How to Screen for and Reverse PCOS Fatty Liver
Ask your doctor for an ALT and AST liver enzyme panel at your next appointment. Elevated ALT is frequently the first detectable sign of fatty liver in women with PCOS. If levels come back above normal, a liver ultrasound or FibroScan can measure the degree of fat accumulation and assess whether any progression has occurred.
Early-stage PCOS fatty liver is fully reversible. The priority is reducing insulin resistance through multiple pathways. Berberine and inositol both improve insulin sensitivity and have clinical data supporting liver fat reduction. A Mediterranean dietary pattern reduces liver fat by up to 29% in controlled trials. Strength training with creatine improves insulin sensitivity directly and reduces the visceral fat that surrounds the liver.
Limit fructose from processed foods and sugary drinks, since the liver metabolizes fructose directly into fat storage.
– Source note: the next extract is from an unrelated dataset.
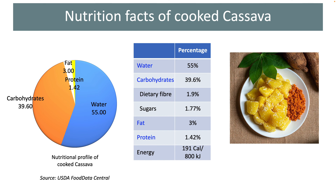Cassava falls into the moderate calorie foods category. 100 grams of cooked cassava provides 191 calories, or about 800 kilojoules of energy.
Reduce alcohol intake, which adds metabolic burden to an organ already under strain. Stress management also matters because elevated cortisol worsens insulin resistance. Ashwagandha supplements have clinical evidence for cortisol reduction, which may indirectly support liver health by improving overall insulin sensitivity.
Frequently Asked Questions
Can you reverse fatty liver caused by PCOS?
Yes, early-stage MASLD is fully reversible. Reducing insulin resistance through diet, exercise, and supplements like inositol or berberine can measurably decrease liver fat within 3 to 6 months. Annual liver enzyme monitoring is recommended for all women diagnosed with PCOS.
Should women with PCOS get liver screening?
If your ALT or AST levels are elevated on routine bloodwork, request a liver ultrasound or FibroScan to assess fat accumulation. Some endocrinologists now recommend baseline PCOS fatty liver screening for all patients regardless of weight, given the strong statistical link between these conditions.
Does metformin help PCOS-related fatty liver?
Metformin improves insulin sensitivity, which indirectly reduces liver fat accumulation. Studies show it decreases ALT levels in women with PCOS. Your doctor may prescribe it even if standard glucose testing appears normal, because fasting glucose alone often misses early-stage insulin resistance.
If you have PCOS, add liver enzyme testing to your next blood panel. Early detection of PCOS fatty liver turns a progressive condition into a fully reversible one.